When children are gifted, they often get into trouble at school because they are bored. They are not always the "A" students because their minds don't work in conventional ways. Teachers often don't know what to do with them.

However, being a gifted child can bring rewards because children are praised and rewarded for learning and scoring high on tests. Adults are rewarded for broader forms of success, which require social skills and personality traits that often conflict with the gifted adult's nature.

Many gifted adults have felt "different" since childhood. Some understand that they don't fit in because their mind works differently. But others think there's something wrong with them.

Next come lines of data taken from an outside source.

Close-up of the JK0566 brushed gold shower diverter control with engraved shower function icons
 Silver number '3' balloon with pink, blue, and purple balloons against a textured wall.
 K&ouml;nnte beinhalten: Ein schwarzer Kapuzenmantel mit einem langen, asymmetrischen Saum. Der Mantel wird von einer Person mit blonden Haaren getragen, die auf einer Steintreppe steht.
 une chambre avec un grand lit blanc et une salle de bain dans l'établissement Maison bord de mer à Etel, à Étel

When gifted children become adults, they face unique career challenges, especially if they don't recognize themselves as gifted. They might try to fit into corporate life, only to get frustrated. Corporate life rewards qualities like frustration tolerance and conformity. Gifted adults tend to get bored easily and have trouble conforming, even when they want to.

Gifted adults tend to be rewarded when they find themselves in careers and environments that support their abilities. Examples include scientists, professors in research-oriented universities, authors, and many other professions. Some gifted adults know how to "play the game," moving beyond unrewarding entry level jobs to reach positions where they can use their gifts.

Unfortunately, other gifted adults remain stuck in jobs where they are guaranteed to remain misfits. A manager who conceptualizes the company's problems easily can get repressed by bosses who don't encourage her to explore these directions. A worker in a dead-end job who lacked the education and social skills that would let him move to a more congenial environment can't use his mind.

If you relate to these descriptions, you may encounter difficulties not only with career choice but with career guidance. Career counselors can be intimidated by gifted clients. They are trained to discourage career changers from moving in too many directions at once. They see gifted clients who seem to grasp ideas really quickly but sometimes have trouble translating these ideas into action.

In particular, gifted adults tend to catch on to things so quickly they face two dilemmas in choosing a new course. First, they seem to be good at so many things, they say it's hard to choose. Second, they (and their advisors) often say, "You're really good at this. Maybe it should be your career." Aptitude turns out to be a small part of career satisfaction, so it is important to look at the total picture, including personality and style.

If you're a gifted adult (and there's no hard and fast measure), be aware that you may come across as restless, distracted or even flaky. Don't be discouraged if you get negative responses from your friends and even career coaches. Be aware of what you need and keep searching for creative ways to find career fulfillment.